Role of the Compensation Committee

The Business Roundtable long has been a leader in Corporate Governance thought leadership.  They have written Principles of Corporate Governance going back to 2002.  This is the seventh in a series of articles that summarizes their principles.

Every publicly owned corporation should have a committee composed solely of independent directors that addresses compensation issues. The compensation committee should have at least three members and should be composed solely of independent directors. All committee members should have and maintain sufficient knowledge of executive compensation and related issues to perform their duties effectively.

The compensation committee’s responsibilities include overseeing the corporation’s overall compensation structure, policies and programs, establishing or recommending to the board performance goals and objectives for the CEO and other members of senior management (or, in some companies, in conjunction with the corporate governance committee), and establishing or recommending to the independent directors compensation for the CEO and senior management.

The compensation committee should see that the corporation’s compensation policies reflect the core principle of pay for performance and should establish meaningful goals for performance-based compensation paid to senior management. The committee should see that the corporation’s compensation policies and performance goals are closely linked to its strategic plan and that they create incentives to produce long-term value for shareholders without encouraging excessive risk-taking.

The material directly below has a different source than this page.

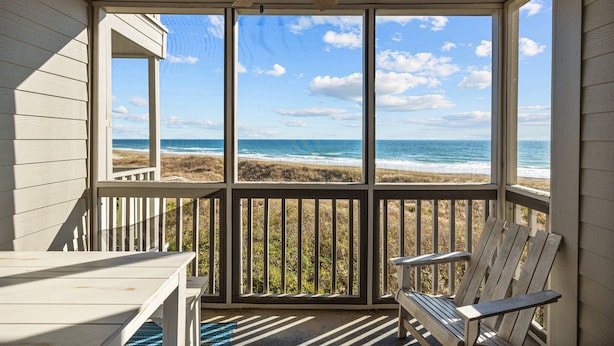 A covered porch with a view of the beach and ocean. - Birds' Nest -oceanfront condo in Dunescape Villas with beautiful views (Atlantic Beach)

The compensation committee should have the authority to retain compensation consultants, counsel and other advisers to provide the committee with independent advice. The compensation committee should understand all aspects of an executive’s compensation package, and should review and understand the maximum payout due under multiple scenarios (such as retirement, termination with or without cause, and severance in connection with business combinations or the sale of a business).

The compensation committee should require senior management to build and maintain significant continuing equity investment in the corporation. To align senior management interests with the interests of shareholders, the committee should establish requirements that senior management acquire and hold a meaningful amount of the corporation’s stock for at least the duration of their tenure with the corporation.

In addition to reviewing and setting compensation for senior management, the compensation committee should look more broadly at the overall compensation structure of the enterprise to determine that it establishes appropriate incentives for management and employees at all levels and that these incentives do not encourage inappropriate risk-taking. The committee should consider carefully and understand the incentives created by different forms of compensation. Incentives should further the corporation’s long-term strategic plans by looking beyond short-term market value changes to the overall goal of creating and enhancing enduring shareholder value, and they should be consistent with the corporation’s culture.

The committee should see that the corporation has in place appropriate practices to mitigate risks created by compensation programs. Executive compensation should directly link the interests of senior management, both individually and as a team, to the long-term interests of shareholders. It should include significant performance-based criteria related to long-term shareholder value and should reflect upside potential and downside risk.

The compensation committee should carefully examine the benefits and perquisites provided to senior management and determine whether they appropriately balance the interests of long-term shareholders and the ability of the corporation to recruit and retain top talent. The corporation should generally bear the cost of these items only if they are directly related to management’s job performance; the corporation should not bear the cost of personal expenses.

The compensation committee should oversee the corporation’s disclosures with respect to executive compensation. Disclosure about executive compensation should be transparent and written in plain English so that it is understandable to shareholders. In particular, the committee should use the compensation discussion & analysis (CD&A) disclosure to provide shareholders with meaningful and understandable information about the corporation’s executive compensation philosophy, policies and practices, the factors that the committee and the board consider in making compensation decisions, and the relationship between executive compensation and corporate performance.